**Requirement**
Lines outside the range are not wanted. Give again exactly the lines between the line holding "Thule Accent wandelbarer Rucksack 17 L" and the line holding "ส่วนบุคคลเด็กJumpsuit Customชื - Baby", inclusive, from the listing below.

**Data section**
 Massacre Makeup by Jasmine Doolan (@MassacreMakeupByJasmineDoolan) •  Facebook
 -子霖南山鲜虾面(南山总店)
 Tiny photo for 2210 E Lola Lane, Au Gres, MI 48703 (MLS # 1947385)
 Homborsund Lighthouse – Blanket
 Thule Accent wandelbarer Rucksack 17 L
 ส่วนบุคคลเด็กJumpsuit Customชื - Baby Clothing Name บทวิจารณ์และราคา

--

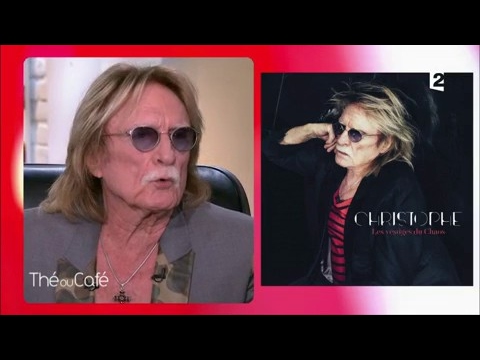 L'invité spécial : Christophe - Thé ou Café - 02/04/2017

**Task output**
 Thule Accent wandelbarer Rucksack 17 L
 ส่วนบุคคลเด็กJumpsuit Customชื - Baby Clothing Name บทวิจารณ์และราคา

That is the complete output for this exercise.